● **Task prompt**:
Set down the records exactly as they stand, except for any pictures, which you should omit.

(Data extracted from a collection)
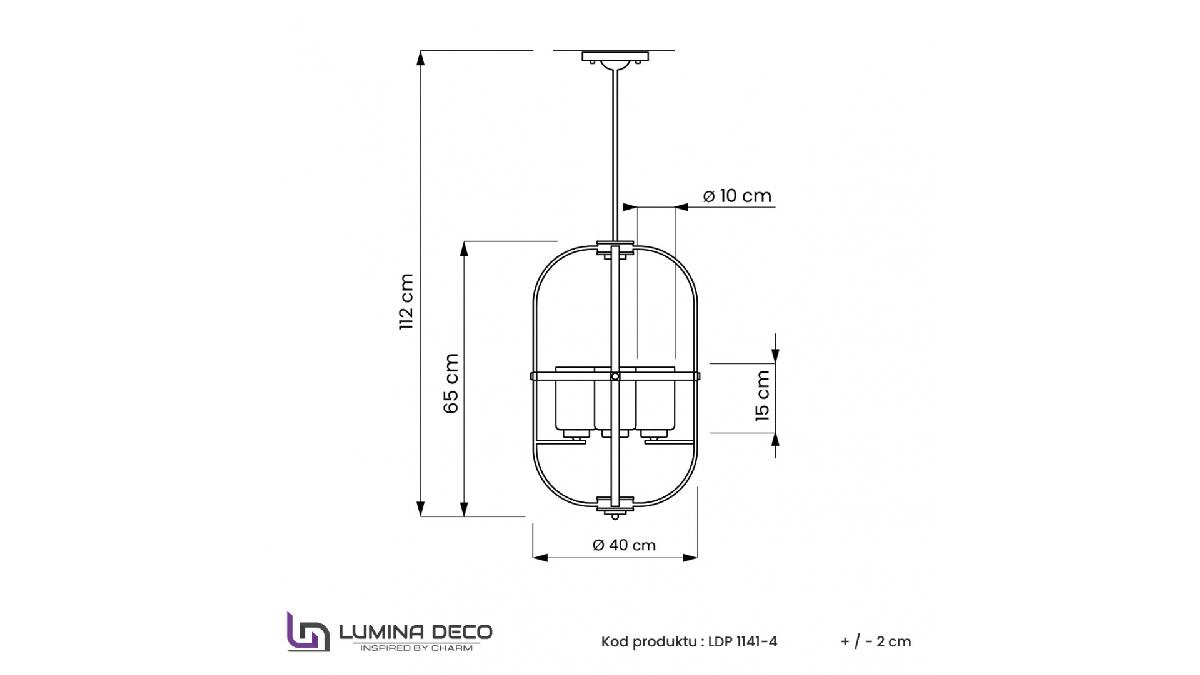 Подвесная люстра Lumina Deco Monterey LDP 1141-4 BK+MD в Санкт-Петербурге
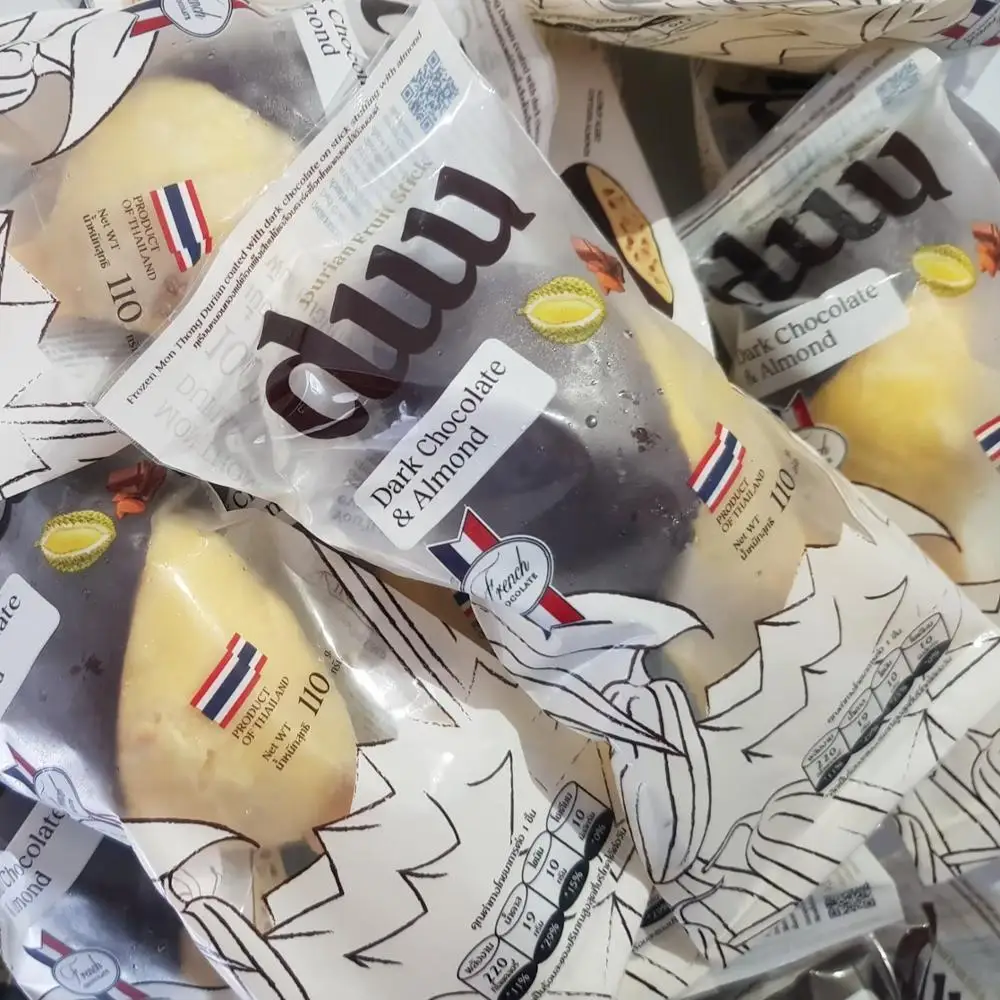 100% Real Frozen Mon Thong Durian on Stick Brand Duu and OEM from THAILAND
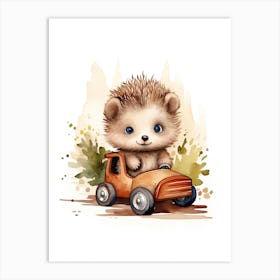Baby Hedgehog On Toy Car, Watercolour Nursery 0 Art Print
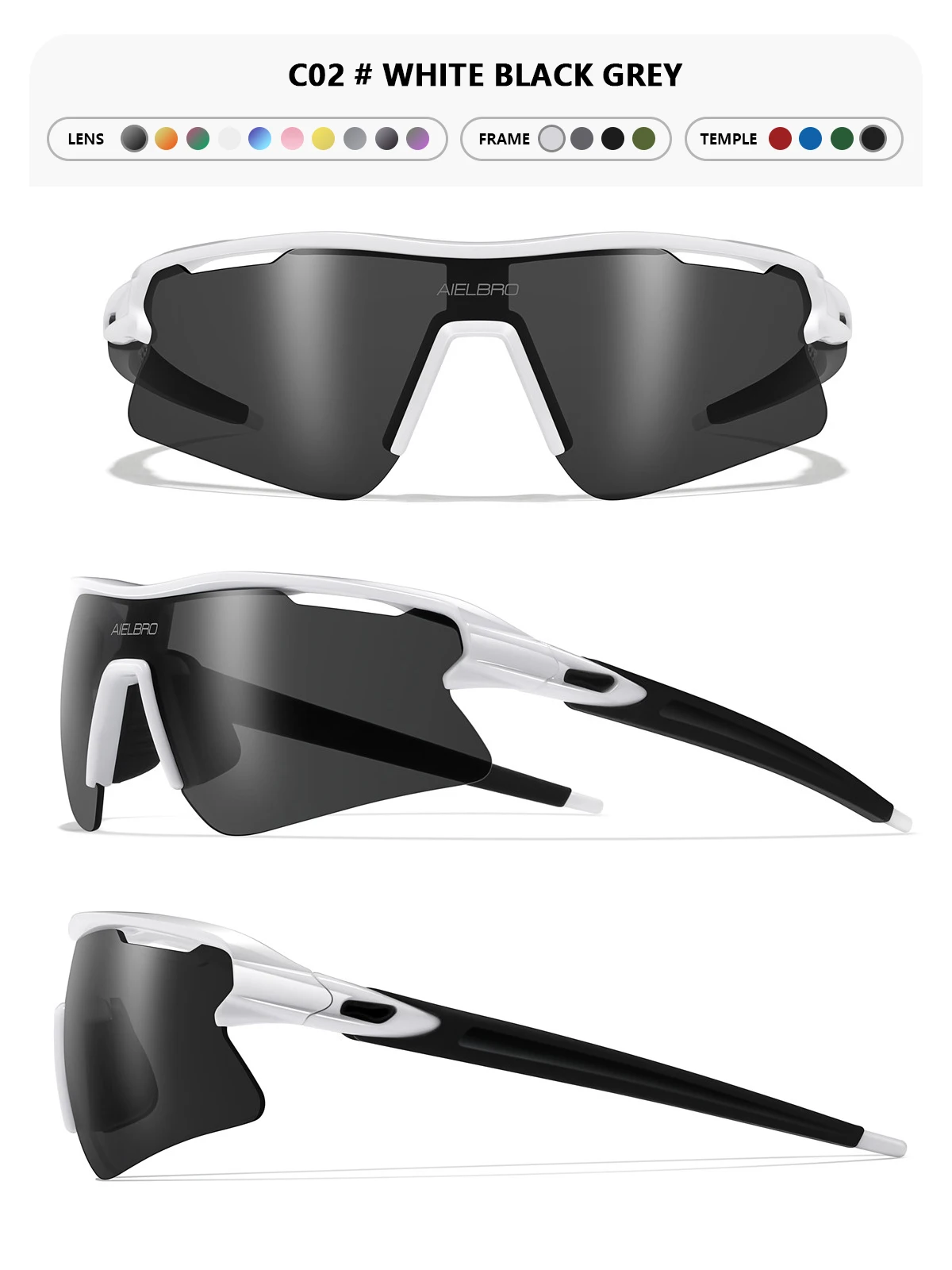 AIELBRO Sports Sunglasses for Men Women Cycling Running - UV400 Protection Bicycle Glasses for Road Bike & Outdoor Activities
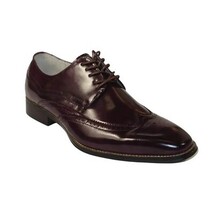 Men's Giovanni Shoes High Quality Leather Wing Tip Derby LINCOLN Burgundy image 8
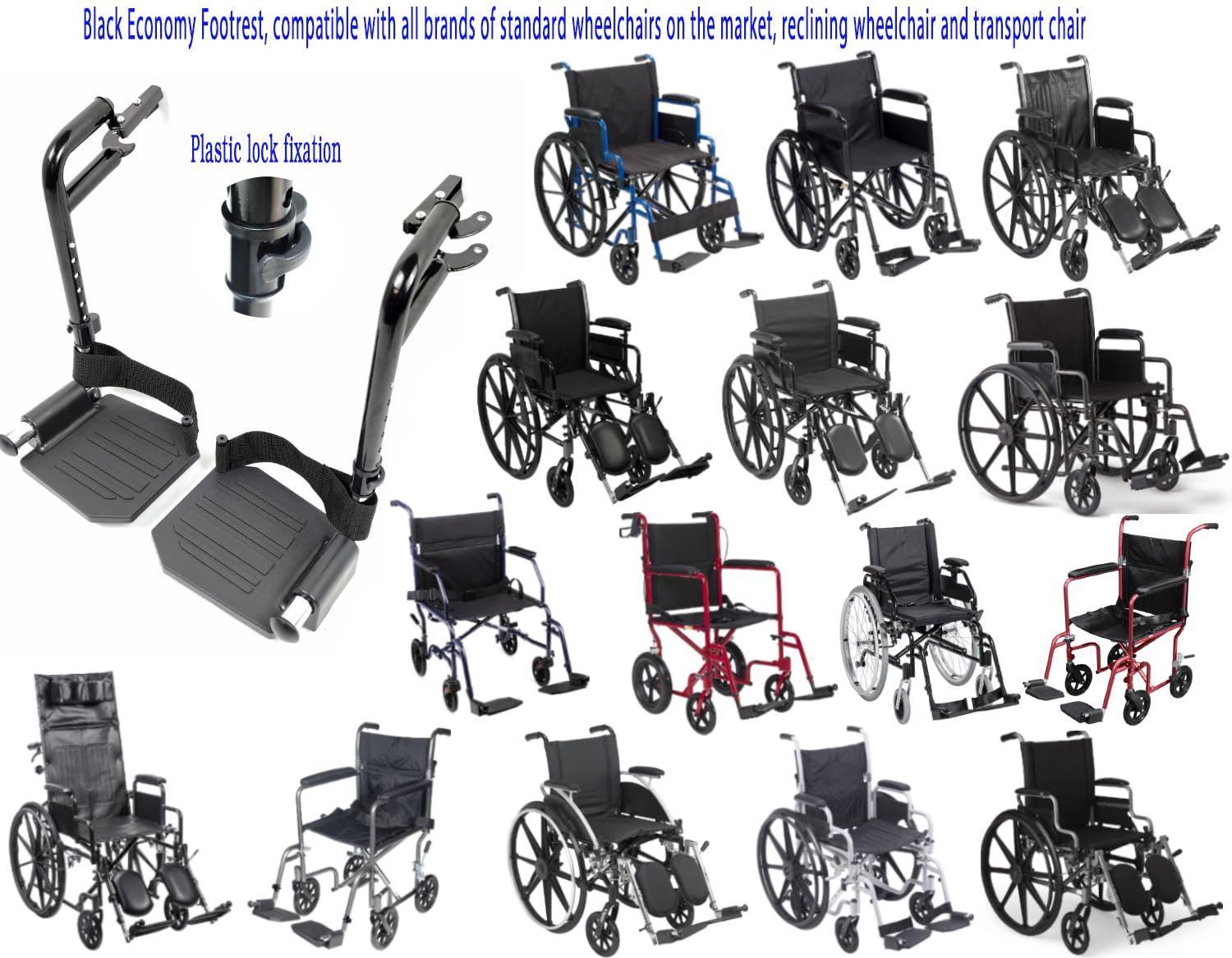 Reposapiés económico para sillas de ruedas estándar y silla de transporte, negro, plástico antideslizante, universales oscilantes, piezas de repuesto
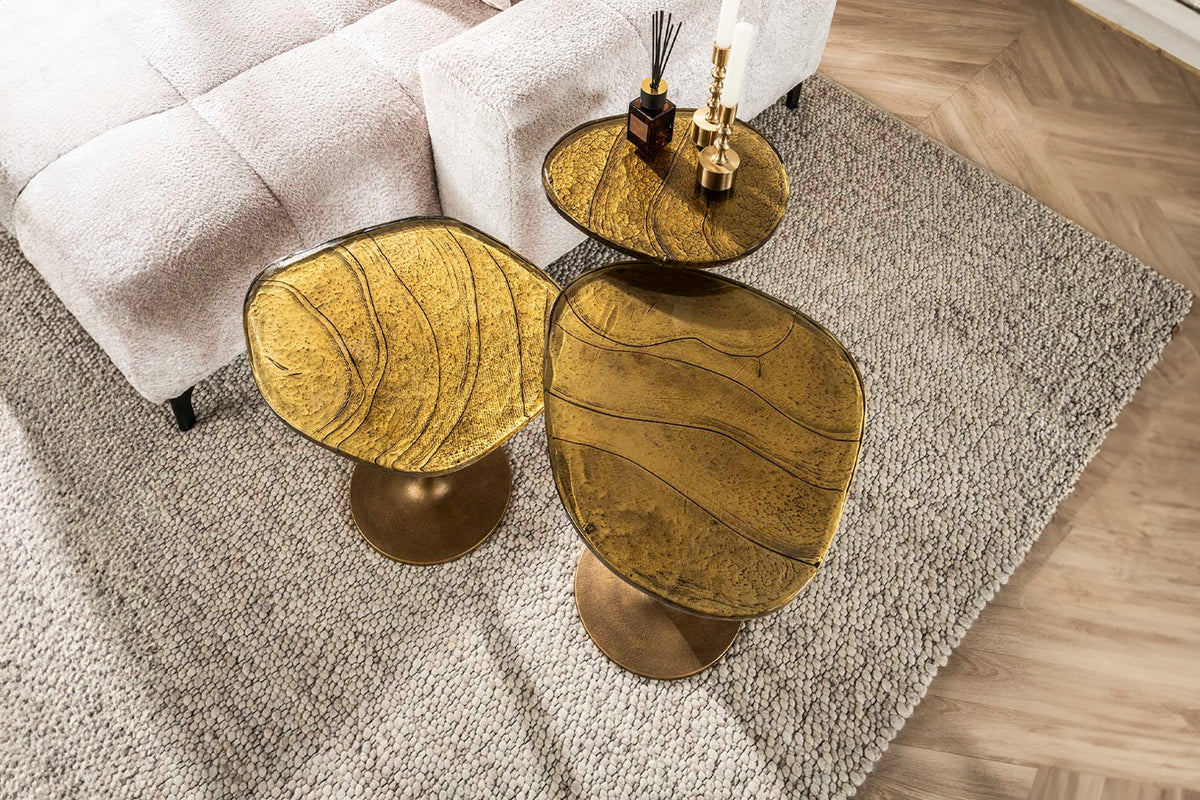 KAWOLA Beistelltisch DARI S Glas gold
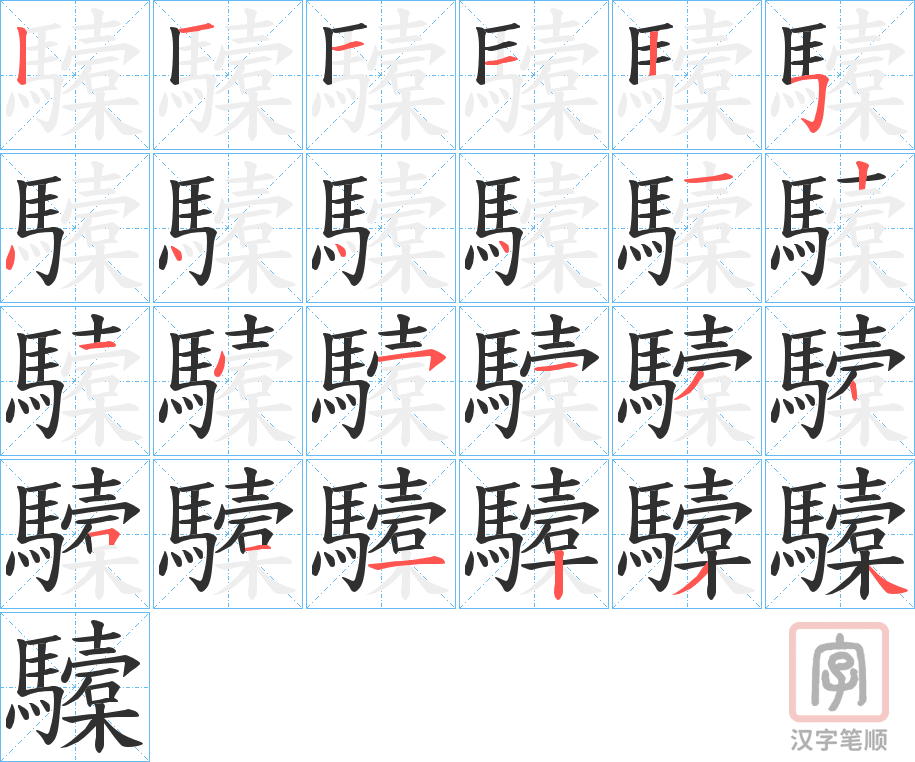 《驝》的笔顺分步演示（一笔一画写字）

● **Reply to the exercise**:
 Подвесная люстра Lumina Deco Monterey LDP 1141-4 BK+MD в Санкт-Петербурге
 100% Real Frozen Mon Thong Durian on Stick Brand Duu and OEM from THAILAND
Baby Hedgehog On Toy Car, Watercolour Nursery 0 Art Print
 AIELBRO Sports Sunglasses for Men Women Cycling Running - UV400 Protection Bicycle Glasses for Road Bike & Outdoor Activities
 Men's Giovanni Shoes High Quality Leather Wing Tip Derby LINCOLN Burgundy image 8
 Reposapiés económico para sillas de ruedas estándar y silla de transporte, negro, plástico antideslizante, universales oscilantes, piezas de repuesto
 KAWOLA Beistelltisch DARI S Glas gold
 《驝》的笔顺分步演示（一笔一画写字）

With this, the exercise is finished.